Jon Jenkins - Authorea

The Surface Biology and Geology (SBG) mission is one of the core missions of NASA’s Earth System Observatory (ESO). SBG will acquire high resolution solar-reflected spectroscopy and thermal infrared observations at a data rate of ~10 TB/day and generate products at ~75 TB/day. As the per-day volume is greater than NASA’s total extant airborne hyperspectral data collection, collecting, processing/re- processing, disseminating, and exploiting the SBG data presents new challenges. To address these challenges, we are developing a prototype science pipeline and a full-volume global hyperspectral synthetic data set to help prepare for SBG’s flight. Our science pipeline is based on the science processing operations technology developed for the Kepler and TESS planet-hunting missions. The pipeline infrastructure, Ziggy, provides a scalable architecture for robust, repeatable, and replicable science and application products that can be run on a range of systems from a laptop to the cloud or an on-site supercomputer. Our effort began by ingesting data and applying workflows from the EO- 1/Hyperion 17-year mission archive that provides globally sampled visible through shortwave infrared spectra that are representative of SBG data types and volumes.
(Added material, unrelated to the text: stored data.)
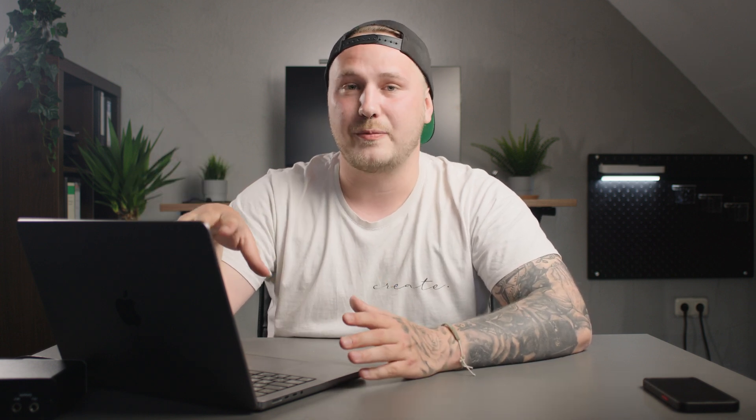Just for full disclosure, Dehancer sent me a copy of their software for free for me to try it out, test it and make a review. But to just make a review on a plugin would be rather boring, so that's why I'm incorporating this into a smartphone color grading tutorial using Dehancer Pro.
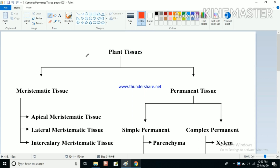Hello students. Previously in this chapter we have already discussed about meristematic tissue and simple permanent tissue. In this video we will be discussing about complex permanent tissue. Let us revise all the things. In plant tissues we have mainly two types: meristematic tissue and permanent tissue.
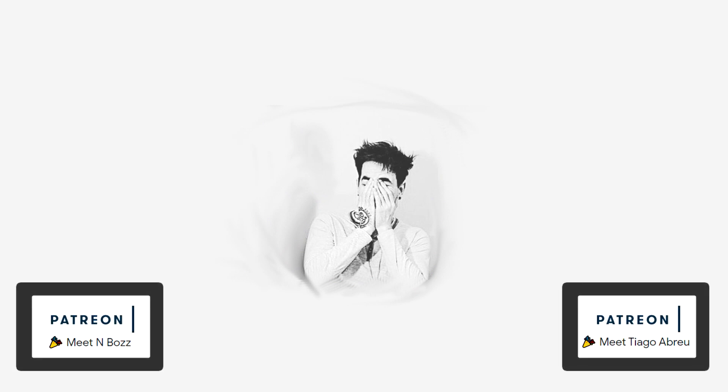Before we start this video, a large thank you to Tiago and N-Boss for their support on Patreon. I hope you guys enjoy the video.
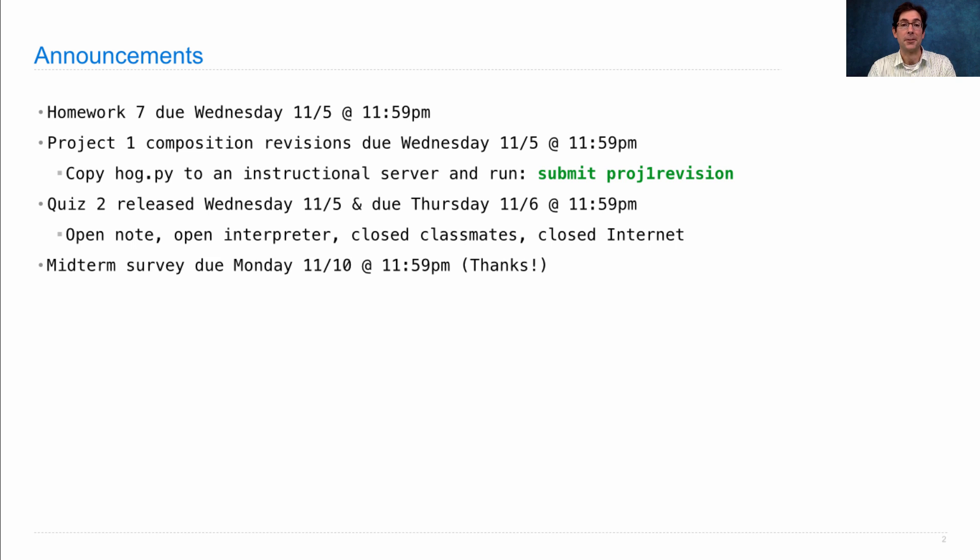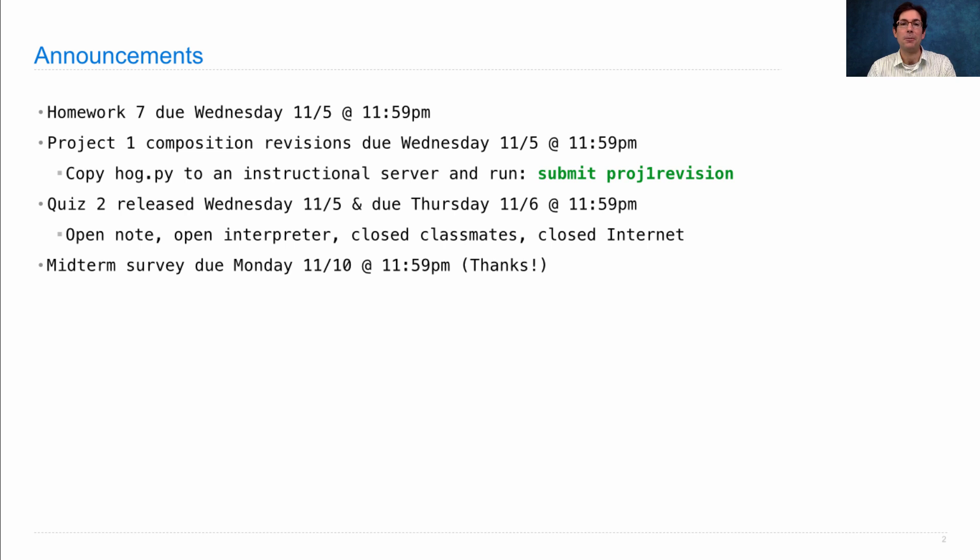I've released a survey that lets you give feedback about this course so far. The midterm survey is due next Monday, and I would really appreciate you filling it out.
We have fully implemented the first stage of processing, from the raw data (Level 0) to top-of-the-atmosphere radiance (Level 1R). We plan to begin reprocessing the entire 55 TB Hyperion data set by the end of 2021. Work to implement an atmospheric correction module to convert the L1R data to surface reflectance (Level 2) is also underway. Additionally, an effort to develop a hybrid High Performance Computing (HPC)/cloud processing framework has been started to help optimize the cost, processing throughput and overall system resiliency for SBG’s science data system (SDS). Separately, we have developed a method for generating full-volume synthetic data sets for SBG based on MODIS data and have made the first version of this data set available to the community on the data portal of NASA’s Advanced Supercomputing Division at NASA Ames Research Center. The synthetic data will make it possible to test parts of the pipeline infrastructure and other software to be applied for product generation.